File ~/dev/pytorch/main/torch/fx/passes/split_module.py:513, in split_module.<locals>.<lambda>(n)
    510 for node in m.graph.nodes:
    511     if node.op == "output":
    512         base_mod_graph.output(
--> 513             torch.fx.graph.map_arg(node.args[0], lambda n: base_mod_env[n.name])
    514         )  # noqa: B950
    516 return torch.fx.graph_module.GraphModule(base_mod_attrs, base_mod_graph)

BackendCompilerFailed: backend='<thunder.dynamo.compiler.ThunderCompiler object at 0x7fd27cb43310>' raised:
KeyError: 'l_stack0_'

My PyTorch version is '2.4.0a0+git3827810'.

IvanYashchuk commented 1 day ago

@kshitij12345, could you please take a look?

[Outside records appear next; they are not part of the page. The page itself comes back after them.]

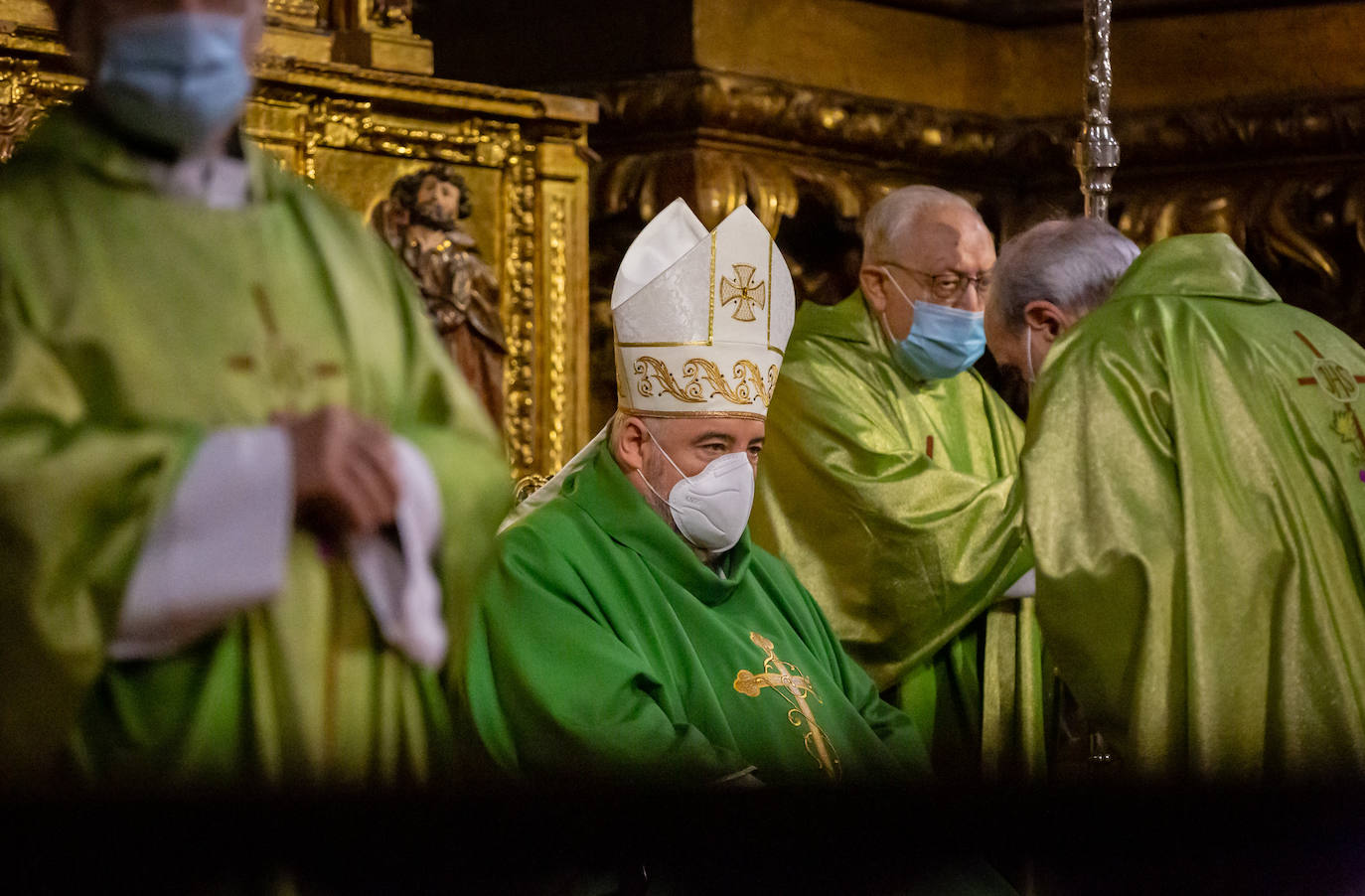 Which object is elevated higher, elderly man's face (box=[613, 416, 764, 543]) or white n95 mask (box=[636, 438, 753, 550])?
elderly man's face (box=[613, 416, 764, 543])

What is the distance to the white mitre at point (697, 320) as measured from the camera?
4297mm

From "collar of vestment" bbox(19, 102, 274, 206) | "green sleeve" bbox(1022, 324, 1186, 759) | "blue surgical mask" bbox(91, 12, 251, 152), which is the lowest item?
"green sleeve" bbox(1022, 324, 1186, 759)

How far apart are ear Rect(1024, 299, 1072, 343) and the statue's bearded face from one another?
4.82ft

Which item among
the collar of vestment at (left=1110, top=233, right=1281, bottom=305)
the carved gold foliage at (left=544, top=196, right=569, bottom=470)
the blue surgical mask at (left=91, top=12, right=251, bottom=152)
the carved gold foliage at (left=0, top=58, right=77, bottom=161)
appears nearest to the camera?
the blue surgical mask at (left=91, top=12, right=251, bottom=152)

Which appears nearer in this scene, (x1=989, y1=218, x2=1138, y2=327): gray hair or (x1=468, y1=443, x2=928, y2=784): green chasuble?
(x1=468, y1=443, x2=928, y2=784): green chasuble

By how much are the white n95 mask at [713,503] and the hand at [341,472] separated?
1.84 metres

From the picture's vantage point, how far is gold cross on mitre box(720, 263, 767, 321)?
4387mm

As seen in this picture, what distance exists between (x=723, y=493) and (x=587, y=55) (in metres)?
3.68

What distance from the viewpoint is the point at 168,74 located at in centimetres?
232

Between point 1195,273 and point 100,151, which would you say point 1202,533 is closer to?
point 1195,273

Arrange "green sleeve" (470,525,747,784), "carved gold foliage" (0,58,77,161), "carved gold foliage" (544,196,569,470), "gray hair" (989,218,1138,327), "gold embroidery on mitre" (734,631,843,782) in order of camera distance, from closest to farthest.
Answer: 1. "green sleeve" (470,525,747,784)
2. "gold embroidery on mitre" (734,631,843,782)
3. "carved gold foliage" (0,58,77,161)
4. "gray hair" (989,218,1138,327)
5. "carved gold foliage" (544,196,569,470)

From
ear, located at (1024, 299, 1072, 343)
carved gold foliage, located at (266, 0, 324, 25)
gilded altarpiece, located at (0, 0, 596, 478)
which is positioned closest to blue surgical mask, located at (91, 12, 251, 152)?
gilded altarpiece, located at (0, 0, 596, 478)

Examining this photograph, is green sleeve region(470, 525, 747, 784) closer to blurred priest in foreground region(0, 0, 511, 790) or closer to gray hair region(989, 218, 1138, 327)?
blurred priest in foreground region(0, 0, 511, 790)

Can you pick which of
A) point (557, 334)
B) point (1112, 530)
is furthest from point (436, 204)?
point (1112, 530)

Is it Thunder's problem or PyTorch FX's problem?

kshitij12345 commented 1 day ago

I am seeing two separate failures in different environment (with more recent PyTorch) both of which seem to occur after the splitting phase. So, I think this particular KeyError is coming from fx.split_module which has been fixed in PyTorch core.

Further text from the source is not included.